[Work request] Only an exact copy of the lines beginning at the one that contains "Nissan 2019 2019 1N4BL4CV8KC184478 Image 13" and ending at the last line of the records below counts as the answer.

Records from a data collection
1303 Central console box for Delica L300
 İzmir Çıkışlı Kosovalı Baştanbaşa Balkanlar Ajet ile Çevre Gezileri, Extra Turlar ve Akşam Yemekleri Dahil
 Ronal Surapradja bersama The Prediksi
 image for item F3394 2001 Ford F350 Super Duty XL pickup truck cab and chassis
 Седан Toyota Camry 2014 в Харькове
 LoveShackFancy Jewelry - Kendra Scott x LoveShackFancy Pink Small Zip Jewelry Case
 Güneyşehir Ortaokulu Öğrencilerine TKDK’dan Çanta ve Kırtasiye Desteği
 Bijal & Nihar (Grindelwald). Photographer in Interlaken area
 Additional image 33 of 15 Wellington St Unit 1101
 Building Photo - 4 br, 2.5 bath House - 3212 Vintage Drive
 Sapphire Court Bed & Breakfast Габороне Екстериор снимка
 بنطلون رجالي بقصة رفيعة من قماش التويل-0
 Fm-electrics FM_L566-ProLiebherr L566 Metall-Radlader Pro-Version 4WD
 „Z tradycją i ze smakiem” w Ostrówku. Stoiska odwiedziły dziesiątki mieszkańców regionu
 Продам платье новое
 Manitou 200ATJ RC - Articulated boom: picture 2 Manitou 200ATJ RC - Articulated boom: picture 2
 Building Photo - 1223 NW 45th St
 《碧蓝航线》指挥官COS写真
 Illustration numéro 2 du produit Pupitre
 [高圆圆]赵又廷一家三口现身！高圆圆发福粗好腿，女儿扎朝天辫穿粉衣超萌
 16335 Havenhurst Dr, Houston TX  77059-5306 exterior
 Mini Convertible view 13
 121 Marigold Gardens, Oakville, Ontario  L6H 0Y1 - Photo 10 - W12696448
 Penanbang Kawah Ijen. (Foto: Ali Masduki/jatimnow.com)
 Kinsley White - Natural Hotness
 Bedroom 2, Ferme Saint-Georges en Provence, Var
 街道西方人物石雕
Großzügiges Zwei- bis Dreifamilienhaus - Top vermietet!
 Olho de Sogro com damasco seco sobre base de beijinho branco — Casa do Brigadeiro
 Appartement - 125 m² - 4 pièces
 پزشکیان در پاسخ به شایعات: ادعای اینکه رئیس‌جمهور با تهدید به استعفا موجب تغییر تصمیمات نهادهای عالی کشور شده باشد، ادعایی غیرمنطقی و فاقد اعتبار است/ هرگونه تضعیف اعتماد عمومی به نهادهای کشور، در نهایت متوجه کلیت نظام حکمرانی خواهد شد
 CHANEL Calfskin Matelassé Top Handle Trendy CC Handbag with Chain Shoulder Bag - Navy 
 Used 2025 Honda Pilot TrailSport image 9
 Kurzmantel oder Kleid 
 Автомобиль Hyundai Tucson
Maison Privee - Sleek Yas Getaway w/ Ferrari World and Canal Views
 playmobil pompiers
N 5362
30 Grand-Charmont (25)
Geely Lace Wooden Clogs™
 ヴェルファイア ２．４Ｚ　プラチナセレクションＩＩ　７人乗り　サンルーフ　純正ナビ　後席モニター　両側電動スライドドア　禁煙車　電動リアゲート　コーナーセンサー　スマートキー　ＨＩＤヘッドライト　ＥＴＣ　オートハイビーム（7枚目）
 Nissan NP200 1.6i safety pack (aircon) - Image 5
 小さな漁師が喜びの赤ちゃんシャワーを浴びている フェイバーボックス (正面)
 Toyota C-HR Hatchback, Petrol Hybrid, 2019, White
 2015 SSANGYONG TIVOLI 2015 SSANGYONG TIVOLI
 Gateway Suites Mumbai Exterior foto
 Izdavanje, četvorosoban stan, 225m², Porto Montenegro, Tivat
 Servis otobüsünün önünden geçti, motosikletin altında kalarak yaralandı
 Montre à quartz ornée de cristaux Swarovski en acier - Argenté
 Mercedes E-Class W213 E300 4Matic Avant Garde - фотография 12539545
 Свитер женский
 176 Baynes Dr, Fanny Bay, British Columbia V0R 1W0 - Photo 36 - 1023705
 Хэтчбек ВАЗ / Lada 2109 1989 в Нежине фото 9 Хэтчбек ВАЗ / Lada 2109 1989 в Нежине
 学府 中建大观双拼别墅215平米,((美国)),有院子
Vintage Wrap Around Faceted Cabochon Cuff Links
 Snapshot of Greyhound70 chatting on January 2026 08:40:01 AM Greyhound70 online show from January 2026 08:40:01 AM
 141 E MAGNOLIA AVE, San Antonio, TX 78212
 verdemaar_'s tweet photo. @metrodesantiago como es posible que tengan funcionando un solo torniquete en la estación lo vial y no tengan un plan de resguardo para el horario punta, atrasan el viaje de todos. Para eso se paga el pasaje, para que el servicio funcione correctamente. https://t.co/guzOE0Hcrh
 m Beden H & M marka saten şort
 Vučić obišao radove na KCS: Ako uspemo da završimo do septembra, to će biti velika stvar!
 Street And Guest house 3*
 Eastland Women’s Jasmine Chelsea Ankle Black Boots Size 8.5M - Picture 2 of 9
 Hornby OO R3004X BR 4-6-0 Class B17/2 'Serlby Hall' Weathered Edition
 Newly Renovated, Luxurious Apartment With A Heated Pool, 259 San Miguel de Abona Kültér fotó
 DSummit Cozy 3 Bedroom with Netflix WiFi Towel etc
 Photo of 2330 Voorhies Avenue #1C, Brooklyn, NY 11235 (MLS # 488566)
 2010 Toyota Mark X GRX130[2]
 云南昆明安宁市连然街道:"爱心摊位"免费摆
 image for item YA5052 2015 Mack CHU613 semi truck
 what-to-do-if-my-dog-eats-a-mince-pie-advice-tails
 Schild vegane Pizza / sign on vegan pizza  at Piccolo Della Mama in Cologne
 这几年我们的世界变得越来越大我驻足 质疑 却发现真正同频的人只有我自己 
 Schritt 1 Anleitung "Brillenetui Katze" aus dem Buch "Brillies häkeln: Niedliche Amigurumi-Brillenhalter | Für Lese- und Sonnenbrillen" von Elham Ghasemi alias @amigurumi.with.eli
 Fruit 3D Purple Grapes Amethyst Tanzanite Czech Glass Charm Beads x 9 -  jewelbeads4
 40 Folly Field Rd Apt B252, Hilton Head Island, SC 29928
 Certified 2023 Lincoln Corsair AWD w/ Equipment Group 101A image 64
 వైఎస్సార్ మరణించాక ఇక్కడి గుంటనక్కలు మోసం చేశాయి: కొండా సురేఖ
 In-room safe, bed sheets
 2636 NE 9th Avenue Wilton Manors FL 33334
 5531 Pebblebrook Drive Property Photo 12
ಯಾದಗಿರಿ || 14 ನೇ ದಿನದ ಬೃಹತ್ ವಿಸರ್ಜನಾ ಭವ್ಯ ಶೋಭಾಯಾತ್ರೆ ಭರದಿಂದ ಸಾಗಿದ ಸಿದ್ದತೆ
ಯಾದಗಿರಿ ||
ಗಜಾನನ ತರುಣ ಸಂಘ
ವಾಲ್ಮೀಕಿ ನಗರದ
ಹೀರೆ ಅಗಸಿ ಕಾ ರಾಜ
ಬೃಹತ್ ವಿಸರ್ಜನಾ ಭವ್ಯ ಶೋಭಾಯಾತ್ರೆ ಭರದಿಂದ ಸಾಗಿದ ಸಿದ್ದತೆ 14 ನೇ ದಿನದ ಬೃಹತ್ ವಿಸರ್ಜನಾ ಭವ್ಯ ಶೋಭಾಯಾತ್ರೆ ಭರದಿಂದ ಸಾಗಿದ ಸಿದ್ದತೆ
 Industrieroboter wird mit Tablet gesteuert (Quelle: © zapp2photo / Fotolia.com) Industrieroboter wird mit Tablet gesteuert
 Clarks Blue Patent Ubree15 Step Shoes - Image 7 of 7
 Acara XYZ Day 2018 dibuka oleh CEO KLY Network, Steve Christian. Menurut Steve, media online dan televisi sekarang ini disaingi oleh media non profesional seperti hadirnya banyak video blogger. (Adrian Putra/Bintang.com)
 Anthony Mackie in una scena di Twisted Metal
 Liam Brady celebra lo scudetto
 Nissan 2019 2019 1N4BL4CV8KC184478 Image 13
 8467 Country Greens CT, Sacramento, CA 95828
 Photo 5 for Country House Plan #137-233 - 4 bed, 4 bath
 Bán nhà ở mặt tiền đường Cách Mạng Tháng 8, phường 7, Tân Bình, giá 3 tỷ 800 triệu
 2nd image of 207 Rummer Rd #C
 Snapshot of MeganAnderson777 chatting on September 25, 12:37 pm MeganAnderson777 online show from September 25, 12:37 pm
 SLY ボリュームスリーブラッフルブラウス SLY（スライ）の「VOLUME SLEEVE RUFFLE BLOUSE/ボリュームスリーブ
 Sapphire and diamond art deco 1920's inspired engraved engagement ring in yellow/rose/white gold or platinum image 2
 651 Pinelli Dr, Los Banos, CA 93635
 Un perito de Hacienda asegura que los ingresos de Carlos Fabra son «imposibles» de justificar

[Written answer]
 Nissan 2019 2019 1N4BL4CV8KC184478 Image 13
 8467 Country Greens CT, Sacramento, CA 95828
 Photo 5 for Country House Plan #137-233 - 4 bed, 4 bath
 Bán nhà ở mặt tiền đường Cách Mạng Tháng 8, phường 7, Tân Bình, giá 3 tỷ 800 triệu
 2nd image of 207 Rummer Rd #C
 Snapshot of MeganAnderson777 chatting on September 25, 12:37 pm MeganAnderson777 online show from September 25, 12:37 pm
 SLY ボリュームスリーブラッフルブラウス SLY（スライ）の「VOLUME SLEEVE RUFFLE BLOUSE/ボリュームスリーブ
 Sapphire and diamond art deco 1920's inspired engraved engagement ring in yellow/rose/white gold or platinum image 2
 651 Pinelli Dr, Los Banos, CA 93635
 Un perito de Hacienda asegura que los ingresos de Carlos Fabra son «imposibles» de justificar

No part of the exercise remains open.